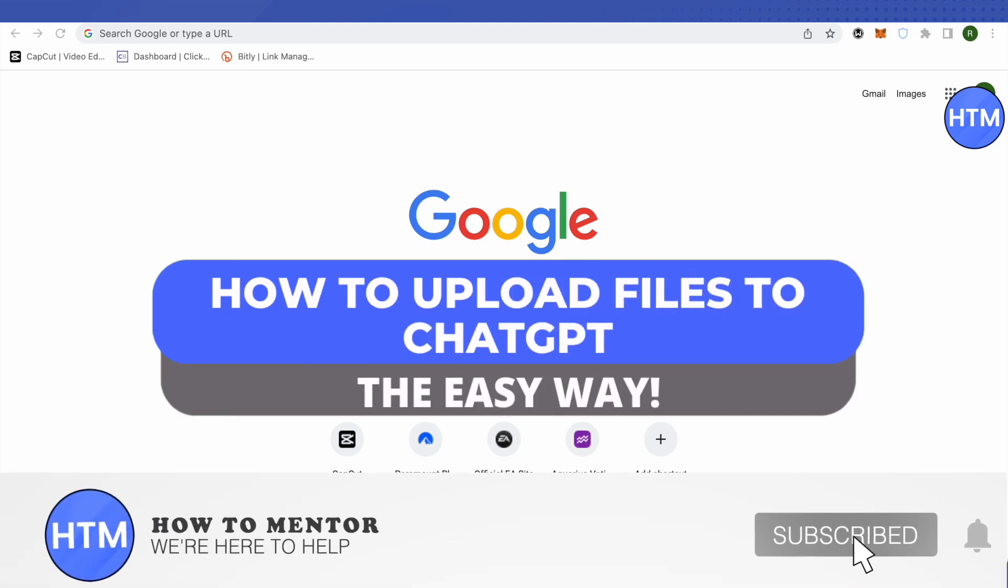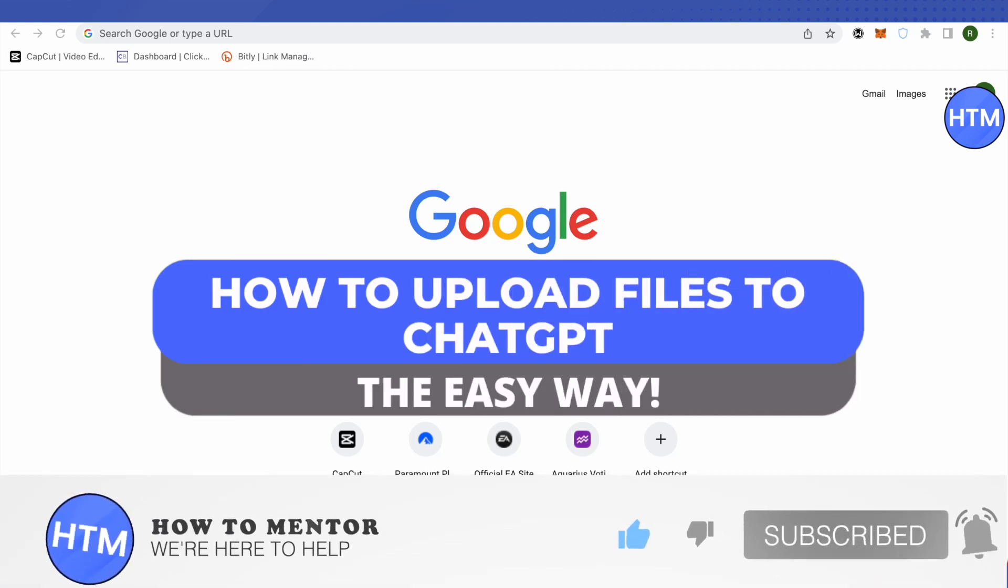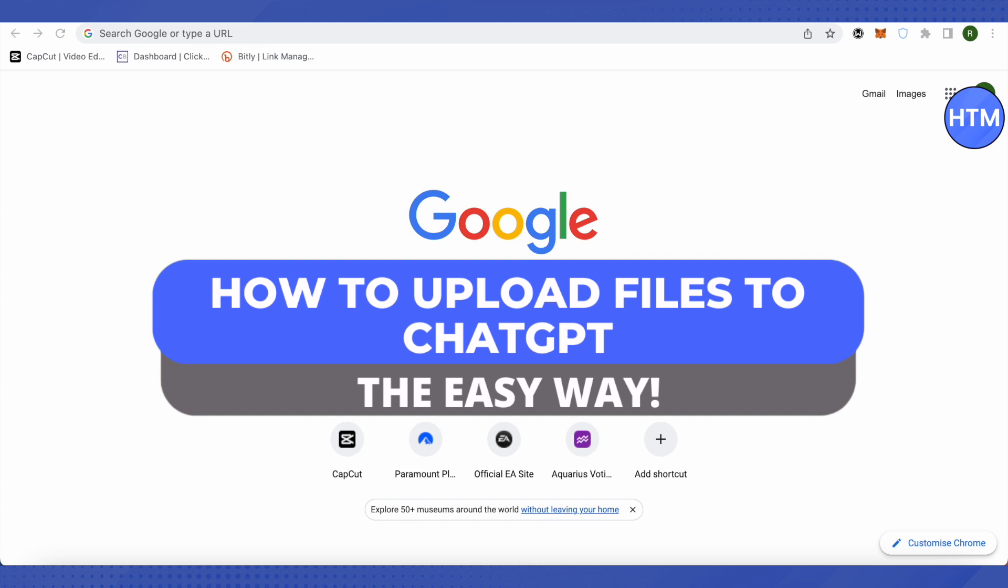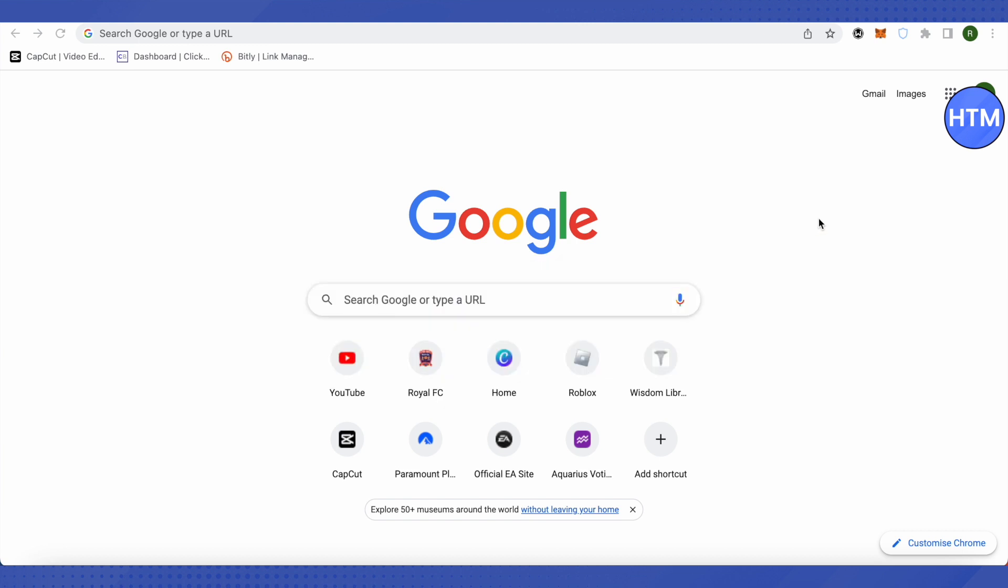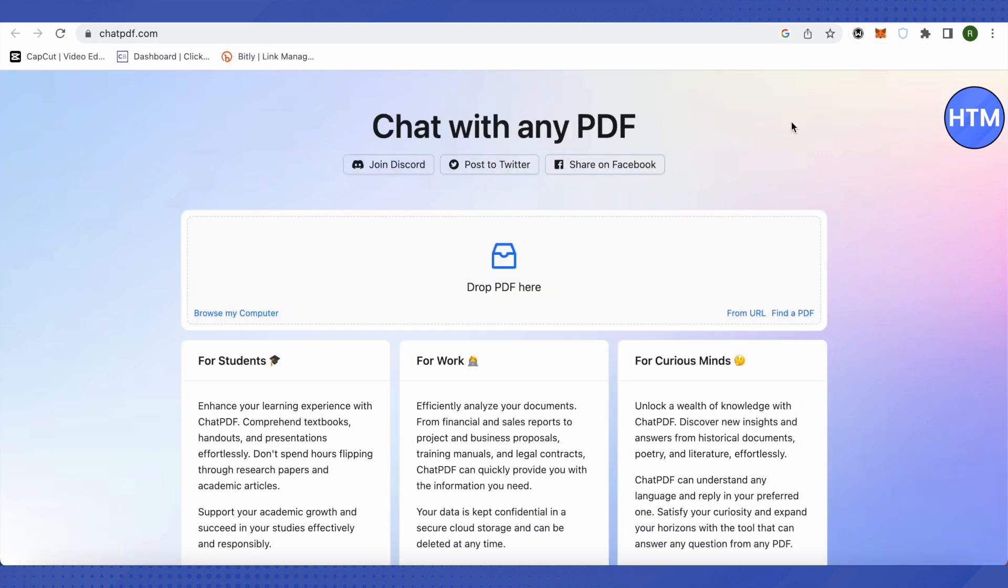Hello everyone, welcome to our channel. Today we'll see how we can upload files to ChatGPT. Basically, it's a platform called ChatPDF where you can upload all the documents and PDFs, and it uses the API key of ChatGPT.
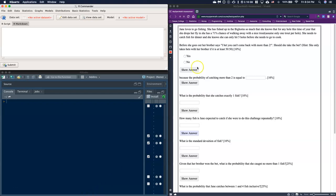Let's go ahead and continue in our guides. This is question number two and it is specifically regarding a binomial situation. Let's first make sure that we can identify that it is in fact a binomial situation, and then we'll go through how we can use the software to produce graphs and tables so that answering these questions is relatively easy.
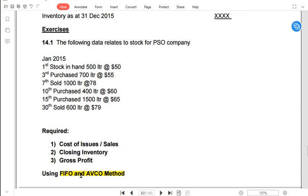This is first in first out. In practice, most businesses follow FIFO — not just in accounting, but in the physical flow of goods as well.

++++++++++

Work to be completed: Return every line shown above without changing a word, and skip the pictures.

Response to this exercise:
Hello everyone, welcome to our channel. Today we'll see how we can upload files to ChatGPT. Basically, it's a platform called ChatPDF where you can upload all the documents and PDFs, and it uses the API key of ChatGPT.
Let's go ahead and continue in our guides. This is question number two and it is specifically regarding a binomial situation. Let's first make sure that we can identify that it is in fact a binomial situation, and then we'll go through how we can use the software to produce graphs and tables so that answering these questions is relatively easy.
This is first in first out. In practice, most businesses follow FIFO — not just in accounting, but in the physical flow of goods as well.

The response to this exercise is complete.